January 01, 2002

Recent Antitrust Decision on Salary Surveys Highlights Risks to Associations

4 min

A recent federal court decision regarding the antitrust effects of an industry salary survey highlights just how important it is for associations to implement and adhere to appropriate procedures for engaging in any information exchange.

The dispute at issue in this case centered on salary surveys conducted by some 14 major oil companies. The plaintiffs in this class action case alleged that the participating companies used the information gained from these surveys to keep salaries among certain nonunion employees artificially low. A lower court had dismissed the lawsuit, saying that the plaintiffs did not plead sufficient information to merit moving forward with the case. The December 20, 2001 opinion by a judge from the U.S. Court of Appeals for the Second Circuit reinstated the plaintiffs' case, holding that the lower court was wrong in granting the oil companies' motion to dismiss.

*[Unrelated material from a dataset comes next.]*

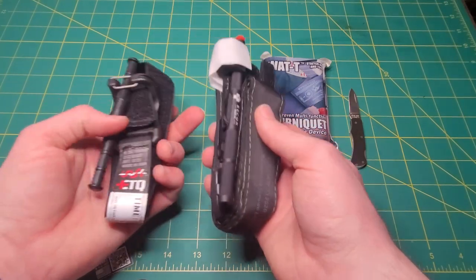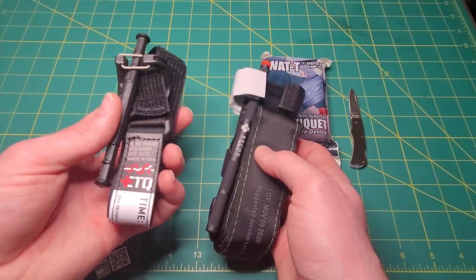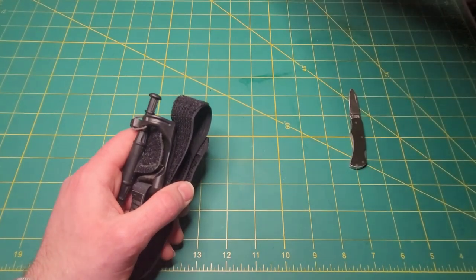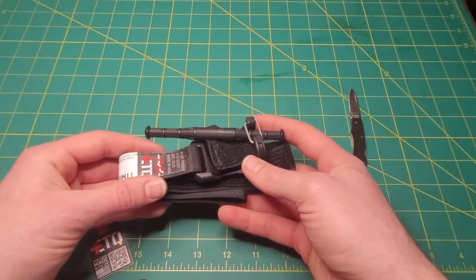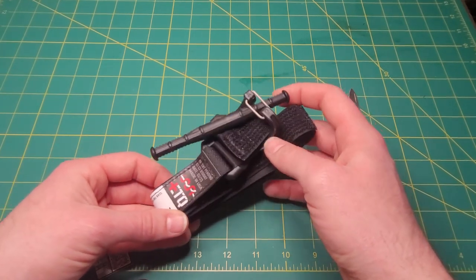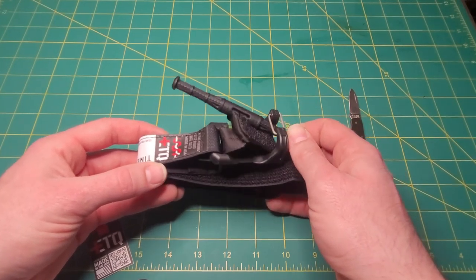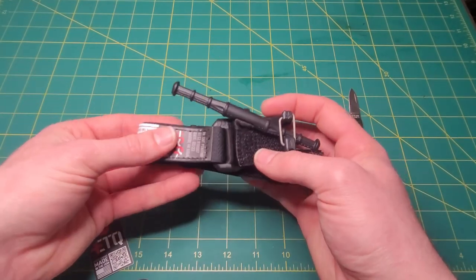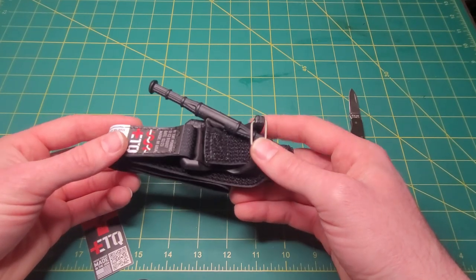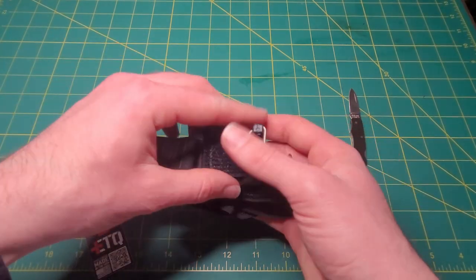All in all, I'm excited for this product and excited to see how it holds up in the field. Let me know what you guys think about the Snake Staff ETQ. Let me know what you'd like me to do with it — if you'd like me to do a torture test comparing it to some of these other tourniquets. I'm thinking about that, just going to play around with it, further my research, and figure out how it assimilates into my EDC. Comment, like, subscribe, and we'll see you guys later.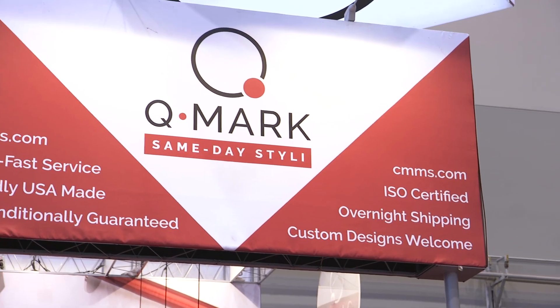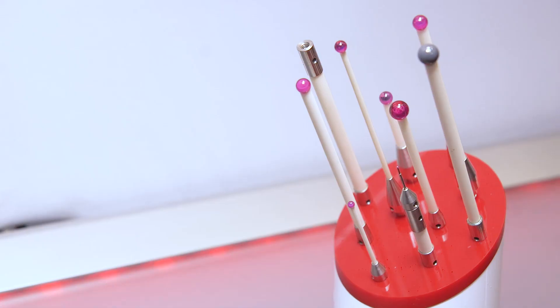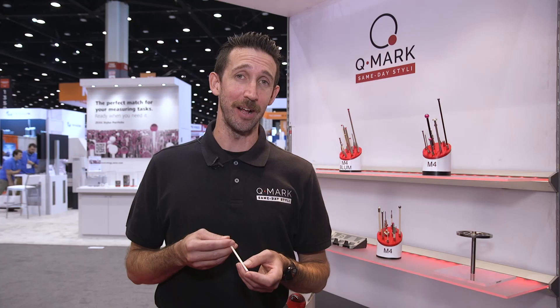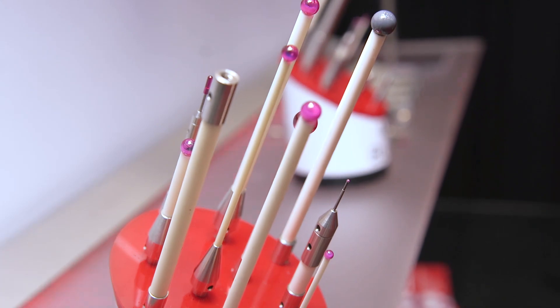Whichever touch probe your new or existing CNC equipment is equipped with, Qmark manufactures styli to go with it. Everything is manufactured in our facility in Southern California and can be assembled and shipped same day. To see an assortment of our ceramic styli, visit our website at www.cmms.com.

According to the Second Circuit opinion, the surveys were conducted regularly and were frequently discussed at meetings of human resources professionals and other staff of the participating companies. The information was not available publicly and was not available to employees who held the positions that were the subject of the survey. The surveys included information about salaries paid in the past and present, as well as information about what the companies expected to pay in the future.

The court held that the case should continue — thus passing the dispute back to the lower court for further action. Some of the key reasons the court gave for siding with the plaintiffs were: (1) much of the data collected and disseminated concerned current and future salaries; (2) the data was broken down in certain ways so that it was an aggregate of as few as three companies; (3) the information was not publicly available and was not disseminated to employees; and (4) the information was discussed among participating companies at meetings.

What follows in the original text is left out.